He was even the Vice President of the USA in seven “hours” of the rather silly but fun 24. As Jim (not from Neighbours) Prescott, an authoritarian VP with something to hide, he mistakenly placed President Palmer under house arrest, based on false evidence. Playing the third most powerful man in the world (behind the American President and Batman) may seem  an honour until you realise that two years later on the same show, Vice President Mitchell Hayworth was portrayed by Aussie ex-pat and “actor” Cameron Daddo.

Not limited to the idiot box, Dale’s career has also expanded to the silver screen. Last week, I popped the sci-fi vampire action thingy Priest into my VCR to find “Jim from Neighbours” playing his usual character, but in a silly robe, in eye popping 3D.

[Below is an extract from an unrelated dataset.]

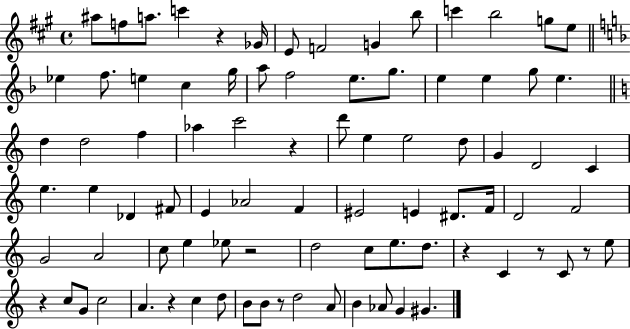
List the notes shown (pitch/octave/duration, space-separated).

A#5/e F5/e A5/e. C6/q R/q Gb4/s E4/e F4/h G4/q B5/e C6/q B5/h G5/e E5/e Eb5/q F5/e. E5/q C5/q G5/s A5/e F5/h E5/e. G5/e. E5/q E5/q G5/e E5/q. D5/q D5/h F5/q Ab5/q C6/h R/q D6/e E5/q E5/h D5/e G4/q D4/h C4/q E5/q. E5/q Db4/q F#4/e E4/q Ab4/h F4/q EIS4/h E4/q D#4/e. F4/s D4/h F4/h G4/h A4/h C5/e E5/q Eb5/e R/h D5/h C5/e E5/e. D5/e. R/q C4/q R/e C4/e R/e E5/e R/q C5/e G4/e C5/h A4/q. R/q C5/q D5/e B4/e B4/e R/e D5/h A4/e B4/q Ab4/e G4/q G#4/q.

Most impressive to geeks everywhere, Dale was also cast in two iconic film franchises. He pops up as General Ross in the mediocre Indiana Jones and the Kingdom of the Crystal Skull and plays the Romulan Praetor Hiren in the so-so Star Trek Nemesis. OK, so they weren’t the best films in the series but how many Star Trek and Indiana Jones movies have you been in?

He even has his own trading cards. That’s right, on ebay there is brisk trade in Alan Dale signature cards from his Lost, Star Trek and Indiana Jones and the Blah Blah Blah appearances.

Later this month, Dale will appear on Aussie cinema screens as Detective Isaksson in David Fincher’s remake of The Girl with the Dragon Tattoo.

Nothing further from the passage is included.